Step 03 — Make a Paper Template

Cut cardboard to the full width of the set, mark each numeral position, hold it at the planned mounting height, and check from the street before making any holes. This step takes five minutes and eliminates patching misplaced holes in brick or stucco.

Step 04 — Mark Positions

For screw mounting: hold each numeral, mark through the mounting holes, then connect marks and verify level across the full set before drilling. For adhesive mounting: clean the surface with isopropyl alcohol, mark the adhesive zone with painter's tape, apply adhesive in S-pattern, press and hold 60 seconds. Confirm level immediately — adhesive mounting is permanent within 30 minutes.

Step 05 — Drill the Holes (Screw Mounting)

Brick: carbide masonry bit, drill into brick face — not mortar joints. Stucco: slow, steady pressure to avoid cracking. Wood/fiber-cement: twist drill at 80% of screw diameter. Seat masonry anchor sleeves flush and test by hand pull before mounting numerals.

Step 06 — Mount and Level

Drive fasteners snugly — no gap between numeral back and wall, no overtorque (cast aluminum mounting studs strip easily). After mounting the full set, check level with a torpedo level across the top edge. A numeral off by two degrees reads as wrong from the street.

Step 07 — Seal Penetrations

Apply clear exterior silicone around each fastener base where it contacts a painted surface. Do not skip on painted wood siding — unsealed fastener holes allow water infiltration that causes paint failure and rot within two to three years.

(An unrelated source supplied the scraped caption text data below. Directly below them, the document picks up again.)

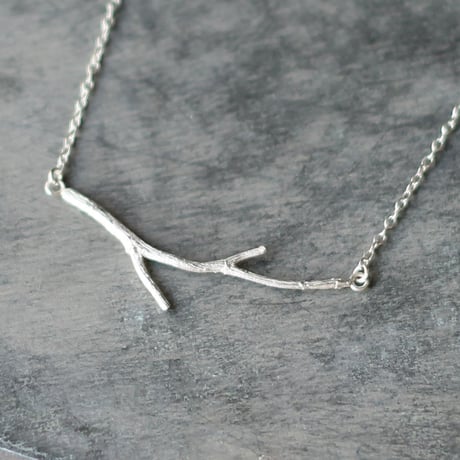 小枝のネックレス / Branche necklace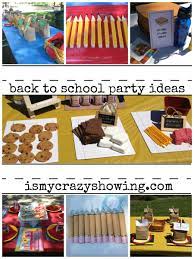 back to school party ideas back to school party school parties back to school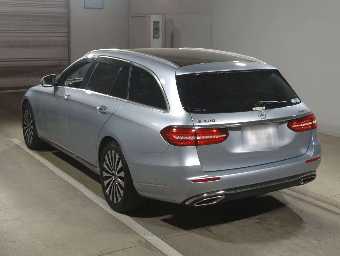 MERCEDES BENZ E CLASS STATION WAGON 2018 Image 4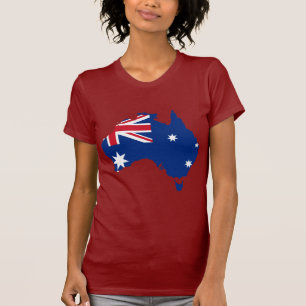 Australia stub, Australia T-Shirt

Common mistakes: numbers too small; drilling into mortar joints on brick; inconsistent spacing; adhesive on rough masonry (use mechanical fasteners instead); skipping illumination check for set-back homes.

Maintenance

Aluminum and stainless: wipe clean annually. Brass: polish annually unless lacquered. Inspect fasteners each year for loosening from freeze-thaw cycles — tighten promptly to prevent corrosion at the mounting site.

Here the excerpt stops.